At the heart of the challenge – but also opportunity – is how can we ensure that we have a sustained, and quality, teacher workforce that meets the needs of schools and our children? As a professional membership organisation we represent the interests of school-led teacher training provision in developing and implementing policy. Our members are primarily School Centred Initial Teacher Training (SCITT) providers, School Direct Lead Schools and Teaching Schools. We raise the standard of teaching, support excellent provision and share best practice. We are also here to develop teacher educators.
From our perspective the issue is more about teacher retention than recruitment – as poor retention puts additional pressure on recruitment, a major headache for school business managers. However, there is good news for those tasked with business management.
In challenge lies opportunity
Firstly, ITT allocations for the 2018-19 academic year allow accredited providers the freedom to recruit according to local need and not place caps on recruitment which don’t take account of regional variation. This is something that NASBTT has been calling for and we have been listened to. Secondly, the cost-benefit of ‘getting it right’ in ITT far outweighs the cost of recruiting teachers externally. The Good Teacher Training Guide, published earlier this year, highlights the fact that trainees undertaking a school-based programme of ITT are more likely to take up a teaching post at the end of their training year.

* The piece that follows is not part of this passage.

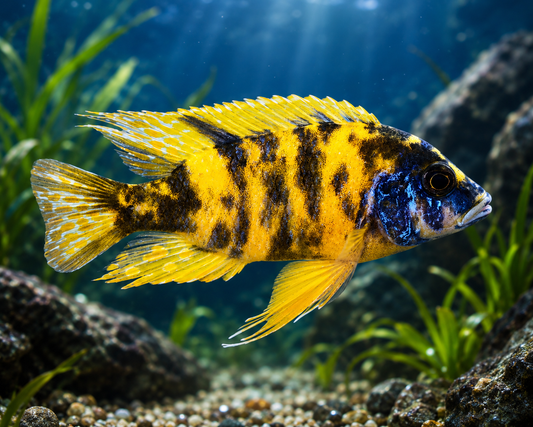 3-Pack Yellow OB Peacock 2-2.5" Live Fish African Cichlid Lake Malawi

Founded on strong relationships
We believe this results from the close relationships which SCITT providers have with their partner schools and the consequent involvement of front-line staff in the selection of trainees and the design and delivery of training. In almost all school-led provision the recruitment of trainees is supported by practising headteachers and senior leaders who are excellently placed to identify the knowledge, skills and personal characteristics which make really good teachers. It is, therefore, unsurprising that a greater proportion of these trainees are likely to go on to take up posts within those schools.
Preparing for the change that’s coming
However, whilst we are keen for school business managers to understand the success of school-led teacher training provision, our role is also to help prepare them for a change that is coming. A brief skim through the history books of teacher training shows that the preference for university-led vs. school-led provision has swung back and forth like a pendulum. NASBTT is supportive of a simplification of the system and continues to encourage partnerships of schools and universities to work together. Any plans for strengthened Qualified Teacher Status (QTS), for example, should include scope for close collaboration between SCITTs and universities in planning and delivering the early career professional development in order to build on the excellent foundations being achieved.
This is a really difficult time for schools but, to make life easier, what we need to do is help the government achieve stability and clarity in the ITT system. We could, and should, be instrumental in ensuring that current ITT routes remain rigorous and train excellent practitioners for the future. School business managers have a huge role to play in guiding schools along the most effective route to doing so.